Records from a data source
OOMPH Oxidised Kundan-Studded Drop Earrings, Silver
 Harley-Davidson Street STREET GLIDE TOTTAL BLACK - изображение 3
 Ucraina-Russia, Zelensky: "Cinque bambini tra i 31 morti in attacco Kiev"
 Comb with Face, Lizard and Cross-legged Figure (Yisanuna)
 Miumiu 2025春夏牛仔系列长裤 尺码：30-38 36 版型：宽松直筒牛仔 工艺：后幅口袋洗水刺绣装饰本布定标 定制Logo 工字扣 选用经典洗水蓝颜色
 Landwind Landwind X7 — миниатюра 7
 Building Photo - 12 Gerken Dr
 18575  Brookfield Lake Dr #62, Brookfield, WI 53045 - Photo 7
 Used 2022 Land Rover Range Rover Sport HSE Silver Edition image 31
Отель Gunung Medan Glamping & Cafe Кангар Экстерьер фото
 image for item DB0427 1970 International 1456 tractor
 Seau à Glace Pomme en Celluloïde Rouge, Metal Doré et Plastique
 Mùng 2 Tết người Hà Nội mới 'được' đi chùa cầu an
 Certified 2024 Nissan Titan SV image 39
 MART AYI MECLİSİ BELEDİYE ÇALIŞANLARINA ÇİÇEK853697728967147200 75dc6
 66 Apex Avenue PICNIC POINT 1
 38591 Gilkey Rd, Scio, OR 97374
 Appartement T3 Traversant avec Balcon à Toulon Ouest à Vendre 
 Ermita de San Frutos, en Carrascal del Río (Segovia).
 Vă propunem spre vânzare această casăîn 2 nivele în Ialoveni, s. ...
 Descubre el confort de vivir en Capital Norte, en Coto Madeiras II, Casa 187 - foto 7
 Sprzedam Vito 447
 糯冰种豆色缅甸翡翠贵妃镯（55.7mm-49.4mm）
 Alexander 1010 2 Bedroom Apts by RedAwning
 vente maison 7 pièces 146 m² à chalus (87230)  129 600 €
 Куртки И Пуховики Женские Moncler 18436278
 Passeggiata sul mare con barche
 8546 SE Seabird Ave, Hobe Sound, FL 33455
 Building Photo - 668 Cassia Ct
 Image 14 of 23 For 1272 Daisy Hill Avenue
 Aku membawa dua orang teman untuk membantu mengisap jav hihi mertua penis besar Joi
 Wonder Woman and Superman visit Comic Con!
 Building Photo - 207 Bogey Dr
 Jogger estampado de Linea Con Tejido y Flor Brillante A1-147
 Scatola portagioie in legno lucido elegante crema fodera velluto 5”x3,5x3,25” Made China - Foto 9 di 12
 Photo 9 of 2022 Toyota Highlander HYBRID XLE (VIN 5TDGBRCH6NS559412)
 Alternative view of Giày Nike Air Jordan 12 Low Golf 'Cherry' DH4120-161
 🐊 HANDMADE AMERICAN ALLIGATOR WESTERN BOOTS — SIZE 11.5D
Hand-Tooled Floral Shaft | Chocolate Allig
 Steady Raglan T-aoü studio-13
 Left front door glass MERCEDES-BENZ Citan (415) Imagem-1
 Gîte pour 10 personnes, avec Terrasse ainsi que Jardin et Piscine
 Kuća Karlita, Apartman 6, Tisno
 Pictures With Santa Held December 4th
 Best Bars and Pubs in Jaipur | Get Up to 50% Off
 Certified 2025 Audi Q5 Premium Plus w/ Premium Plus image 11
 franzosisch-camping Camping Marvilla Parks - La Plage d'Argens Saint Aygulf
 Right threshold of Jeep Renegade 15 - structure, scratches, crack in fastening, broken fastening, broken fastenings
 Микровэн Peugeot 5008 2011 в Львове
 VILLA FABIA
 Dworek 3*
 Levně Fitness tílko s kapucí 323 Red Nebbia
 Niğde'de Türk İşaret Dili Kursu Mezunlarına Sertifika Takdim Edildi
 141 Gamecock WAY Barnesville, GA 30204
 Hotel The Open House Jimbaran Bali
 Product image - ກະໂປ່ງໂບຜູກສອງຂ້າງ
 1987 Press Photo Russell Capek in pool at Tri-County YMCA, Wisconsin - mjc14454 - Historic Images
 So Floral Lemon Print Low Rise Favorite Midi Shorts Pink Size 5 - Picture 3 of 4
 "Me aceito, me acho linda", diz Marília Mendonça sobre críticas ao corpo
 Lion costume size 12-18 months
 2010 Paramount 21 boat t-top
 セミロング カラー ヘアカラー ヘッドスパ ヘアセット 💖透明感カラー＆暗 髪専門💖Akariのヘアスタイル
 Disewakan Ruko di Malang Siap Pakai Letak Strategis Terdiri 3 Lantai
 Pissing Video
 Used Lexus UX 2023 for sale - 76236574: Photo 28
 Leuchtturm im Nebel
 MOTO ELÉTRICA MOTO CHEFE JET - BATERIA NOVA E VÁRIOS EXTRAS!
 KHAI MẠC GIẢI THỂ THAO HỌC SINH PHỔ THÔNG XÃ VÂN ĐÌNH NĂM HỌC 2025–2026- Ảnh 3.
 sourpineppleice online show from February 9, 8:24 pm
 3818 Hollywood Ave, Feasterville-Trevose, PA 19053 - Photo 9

▶ _EXERCISE GOAL_: The first line of the entries, the line with "Comb with Face, Lizard", and every line between them should be retyped exactly, and nothing else.

▶ _REPLY TO THE TASK_:
OOMPH Oxidised Kundan-Studded Drop Earrings, Silver
 Harley-Davidson Street STREET GLIDE TOTTAL BLACK - изображение 3
 Ucraina-Russia, Zelensky: "Cinque bambini tra i 31 morti in attacco Kiev"
 Comb with Face, Lizard and Cross-legged Figure (Yisanuna)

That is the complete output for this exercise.